天然記念物「益田家のモチノキ」移植を許可 横浜

 樹齢約250年を誇る県指定天然記念物「益田家のモチノキ」(横浜市戸塚区柏尾町)の保全を巡り、県教育委員会が、木を所有する小田原市の建設会社に対し、近隣の適地への移植を許可したことが分かった。樹勢の衰えから、かねて倒木の危険が指摘され、昨年には県教委に無許可で幹の一部を伐採した業者が県文化財保護条例違反の罪に問われる事態に発展した。結局、県教委が樹勢の回復と倒木回避には、移植が最善策と判断した。すでに準備作業に着手し、4月中には移植を完了させたい考えだ。

 建設会社は、モチノキの立地場所を含む造成地を2015年夏に購入。一時手放したが、伐採騒動後に再取得し、モチノキの管理を担ってきた。ただ、樹勢の衰えは深刻で、同社は「交通量の多い国道1号沿いに立っており、倒木となれば歩行者や車に危険が及びかねない」と懸念。同条例では指定天然記念物に関し、現状変更などを行う場合には県教委の許可が必要と定めており、同社は17年末に移植許可を求める申請書を県教委に提出していた。

 これを受けて県教委はモチノキの状態を樹木医に相談。その結果、造成に伴って木の周囲が石垣とコンクリート壁で仕切られ、生育に必要な土壌が十分でないことから今後、根詰まりを起こす可能性があると診断された。ありのままの状態での保全が最善との立場の県教委も「移植により土中に根を張ることで、現状より樹勢が回復する可能性が高まる」と判断。今年2月に移植許可を建設会社側に伝え、同月末までに近隣住民にも方針を説明した。

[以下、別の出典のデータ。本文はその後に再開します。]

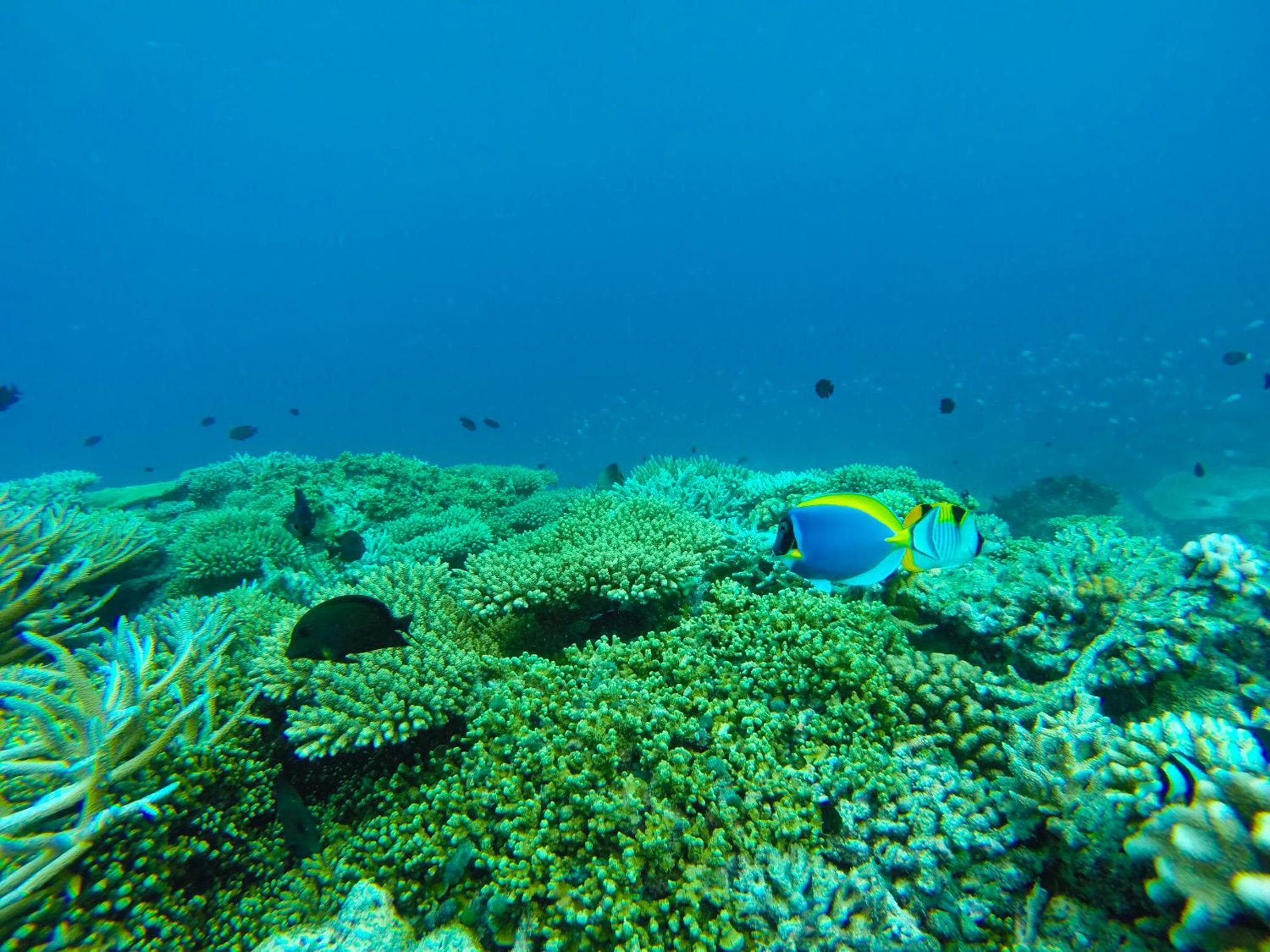 Mariana Maldives - View 76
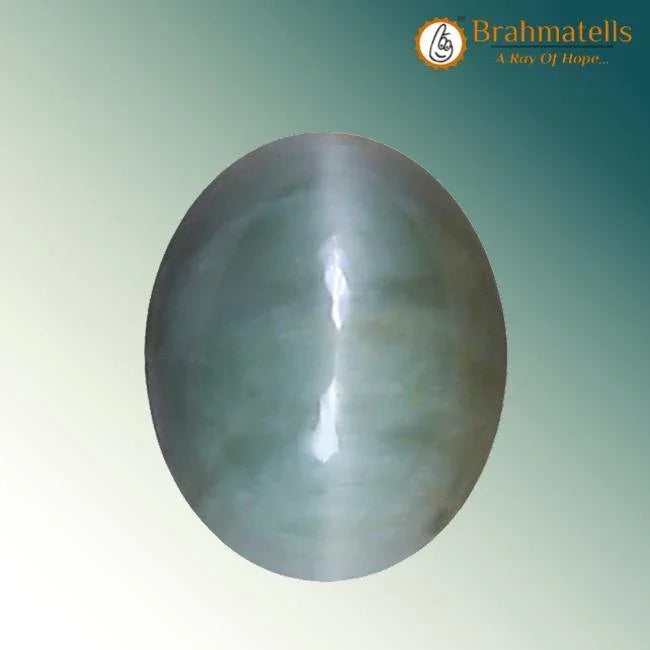 Cats Eye (Lehsunia) - BrahmatellsStore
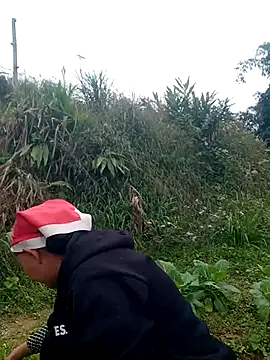 Snapshot of nui-show chatting on November 2025 06:01:01 AM nui-show online show from November 2025 06:01:01 AM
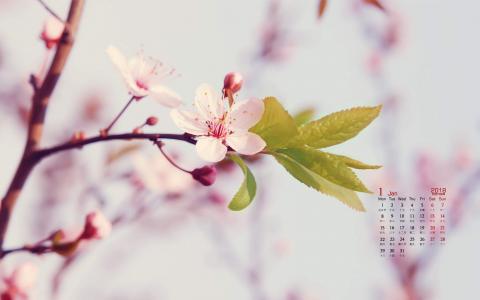 樱花图片图片 _ 第(1)张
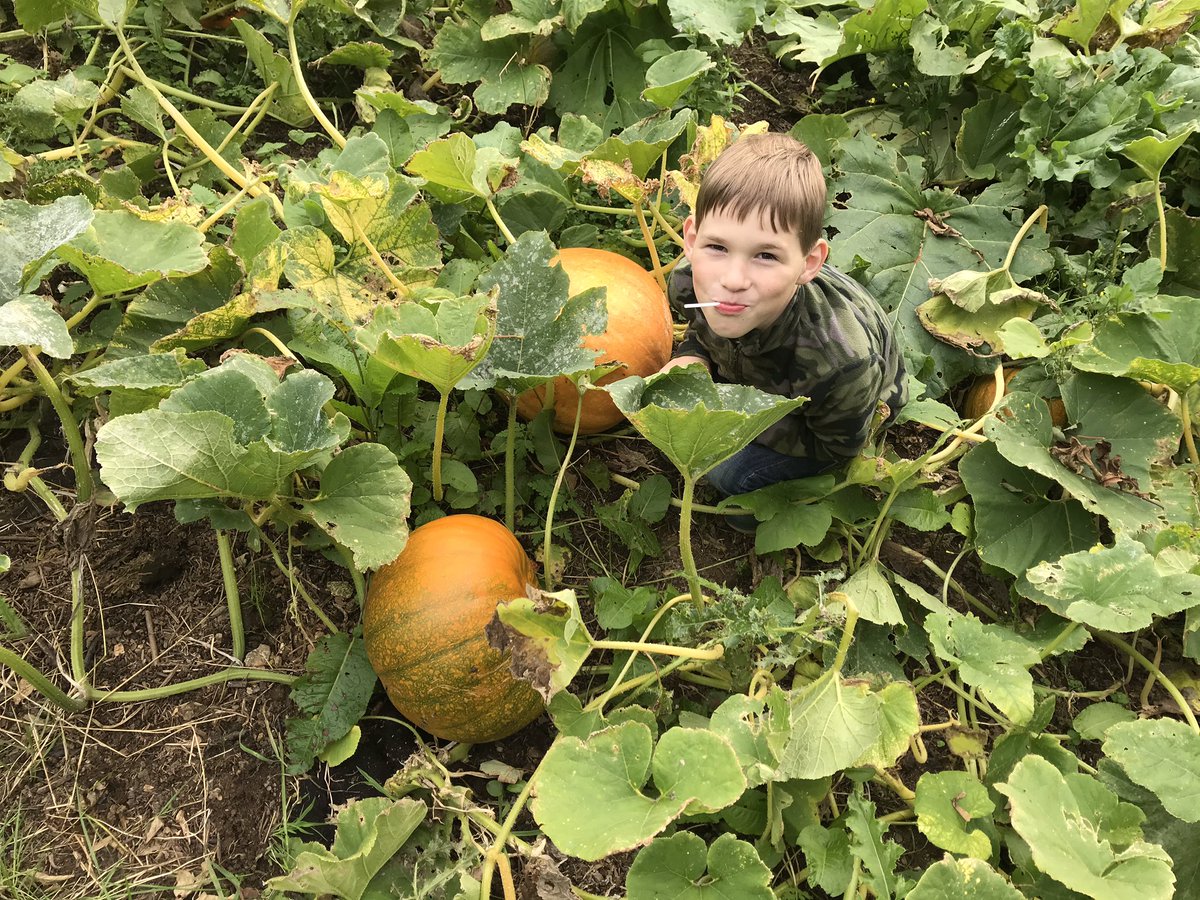 bwlford's tweet photo. The youngest loves Halloween and 🎃 so this we established a pumpkin patch with him during lockdown #bwlford #Halloween #pembrokeshire #growyourown https://t.co/ImzH6Efp0W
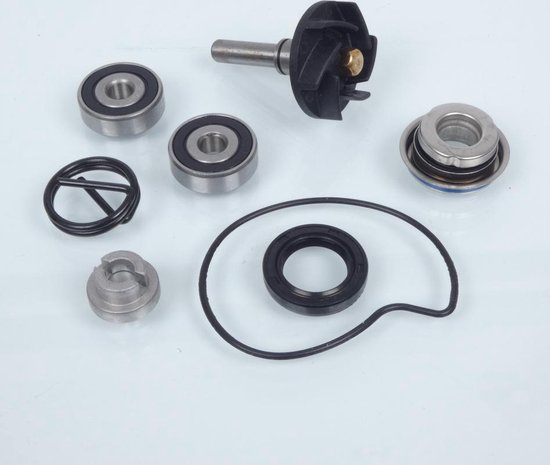 Pompe à Essence Sifam Pour Scooter Honda 125 SH I D Étrier 3 Pistons 2013-2019 - Moteur Immergé Neuf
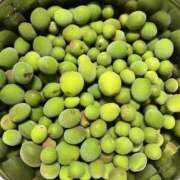 ヒメ日記 2025/05/08 08:56 投稿 ひろ 素人妻御奉仕倶楽部Hip's松戸店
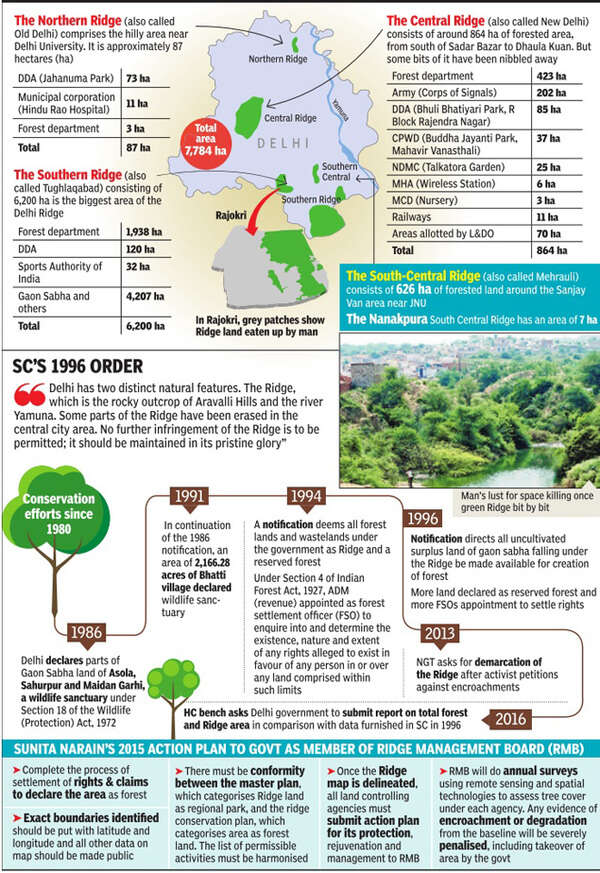 Apathy over years kills 20% of Ridge | Delhi News - Times of India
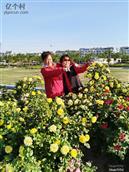 山东省,滨州市,滨城区,滨北街道,姑子庵村
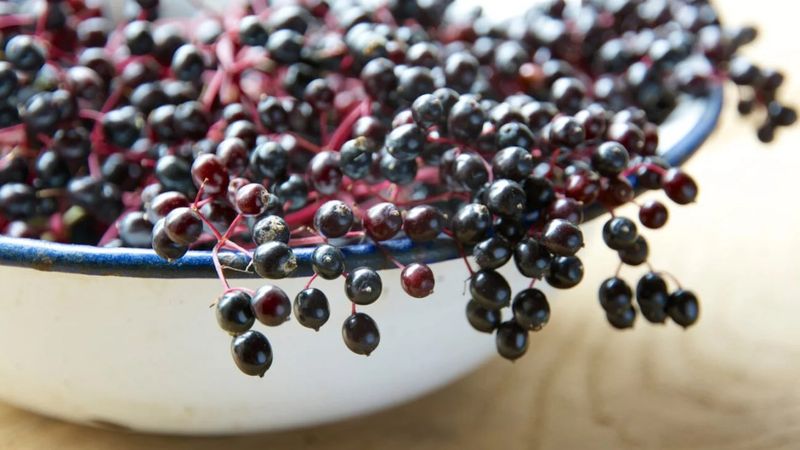 Elderberries (Unripe Or Raw)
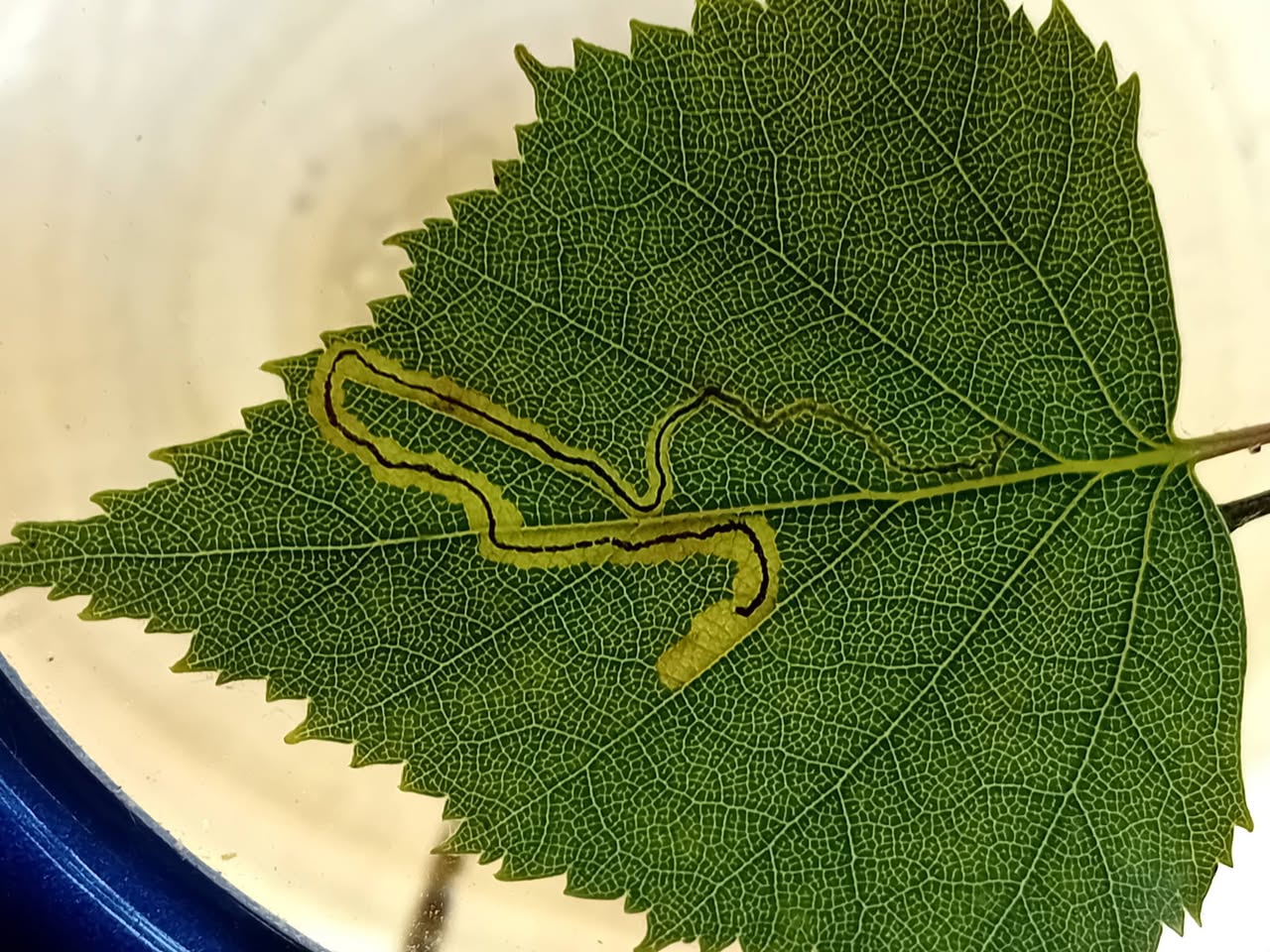 Stigmella lapponica - leaf mine on Grey Birch - 2nd June 2026 - Poolsbrook Marsh, Markham Vale - Mark Radford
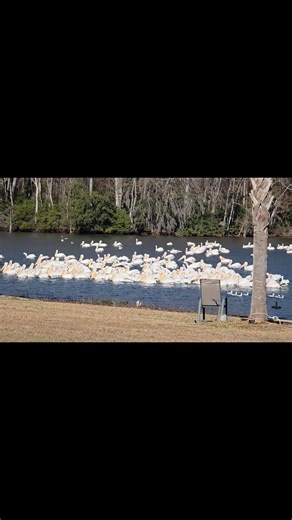 Yes more awesome images from our Rare Winter Guests on Lake Marion 🦩 If you’ve been to Bells Marina & Resort in the last few days and looked out over the water, You most likely have seen dozens of massive white birds gathered together, you’re witnessing something truly special. These are American White Pelicans — one of the largest birds in North America, with wingspans reaching up to 9 feet. Why are they here? American White Pelicans migrate to South Carolina during the winter months (typicall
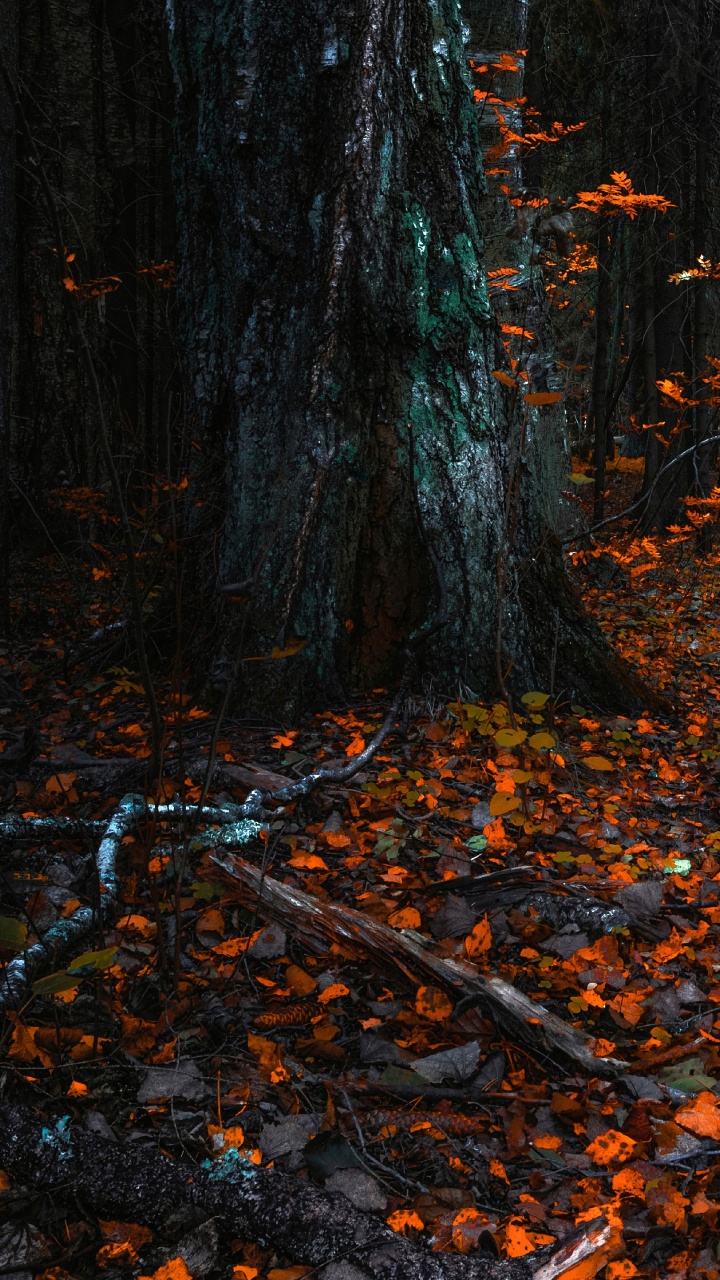 Обои природа, листопадные, северный лиственный лес, дерево, лист в разрешении 720x1280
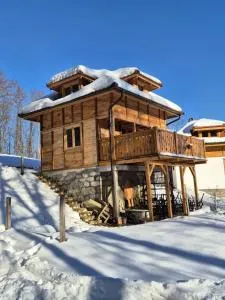 Living "Zvjezdan" - Lelić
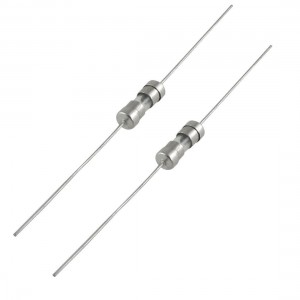 10 Pcs Axial Lead Slow Blow 3.6 x 10mm Glass Fuse 250V 1.25A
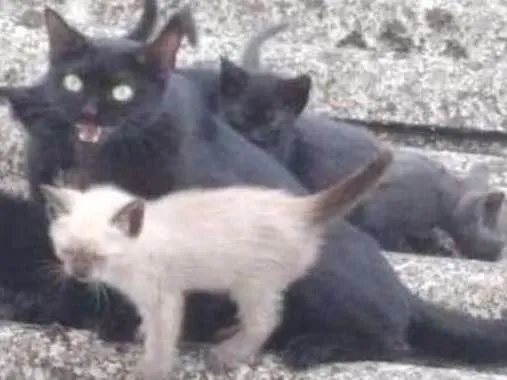 Gato ra a  idade 2 a 6 meses nome Cinzinha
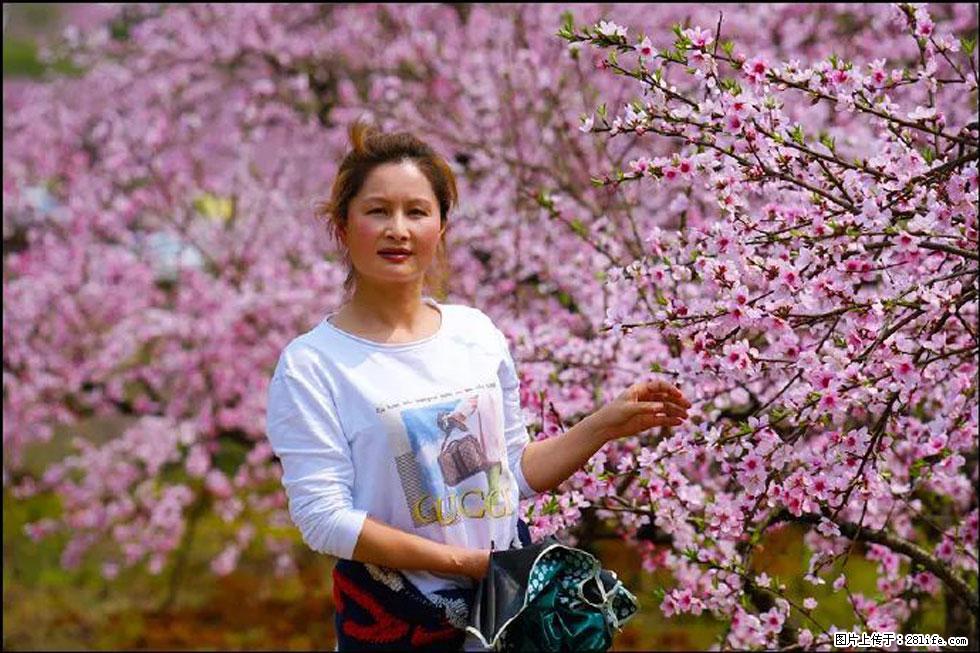 【春天，广西桂林灌阳县向您发出邀请！】官庄村有个醉美的桃花园 - 游山玩水 - 宁波生活社区 - 宁波28生活网 nb.28life.net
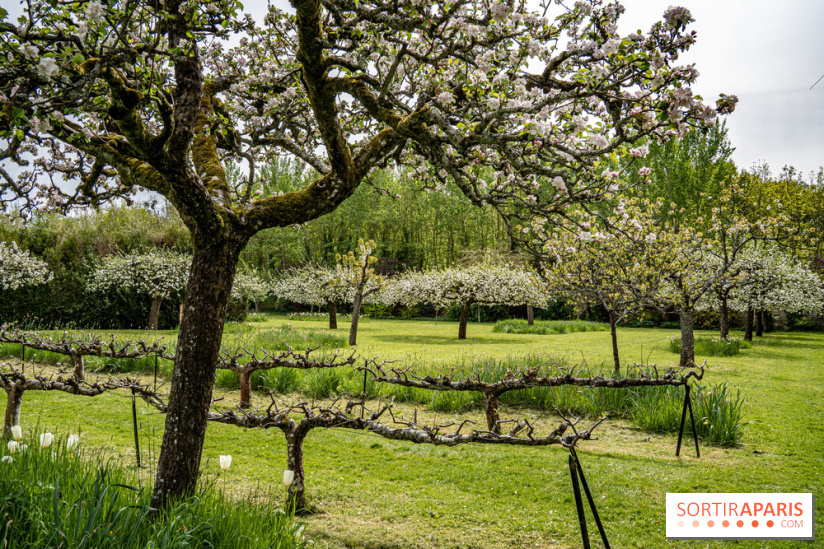 Le Château de Saint-Jean de Beauregard et son Jardin remarquable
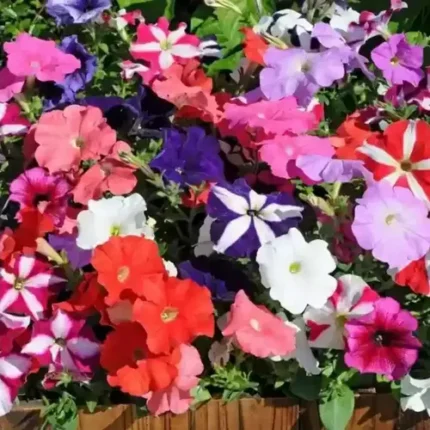 Petunia Mix Seeds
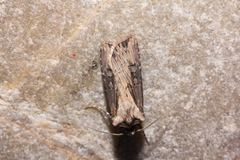 Agrotis volubilis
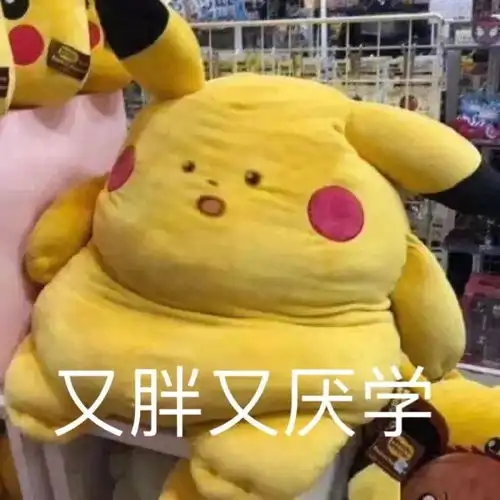 有哪些关于学习的表情包
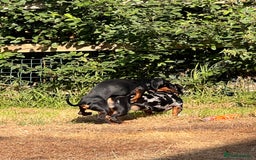 Miniature Dachshund dogs for stud: SLINKY  - Image 4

 同社や県教委によると、移植先は現在の場所から北東に25メートルほど離れた地点を想定。実現すれば、現状に比べ国道1号から10メートル近く離れる。同社には強風や豪雨のたびに「(折れた枝などに)車が乗り上げた」といった苦情が寄せられたといい、同社社長は「樹勢の回復は見通せないが、少なくとも被害の軽減は図れるのでは」と話す。

 移植の手法は、樹木への悪影響を最小限にする観点から、モチノキを立てたままの状態でワイヤと滑車を取り付けて根元から移動させる「立曳(たてび)き」工法を採用するという。

 「地域のシンボル」が移植に向けて動きだしたことに、住民の思いはさまざまだ。モチノキの近くに住む70代の無職男性は「木が元気になるならとは思うが、昔からの姿が変わると思うと…」と複雑な表情。地元の連合町内会長の男性(70)は「ちゃんと移植されるのか、見守っていきたい」と話した。

 ◆益田家のモチノキ 江戸時代から伝わり、樹齢約250年。国道1号沿いの不動坂交差点近くに立ち、1981年7月に県の天然記念物に指定。かながわ名木100選にも数えられている。高さ18メートルと19メートルの2株からなり、幹回りは約3メートル。2017年2月に、前所有者の建設会社役員の男性ら3人が県教育委員会の許可を得ずに幹の一部を伐採。県文化財保護条例違反容疑で書類送検され、同12月に男性役員が同罪で罰金5万円の略式命令を受けた。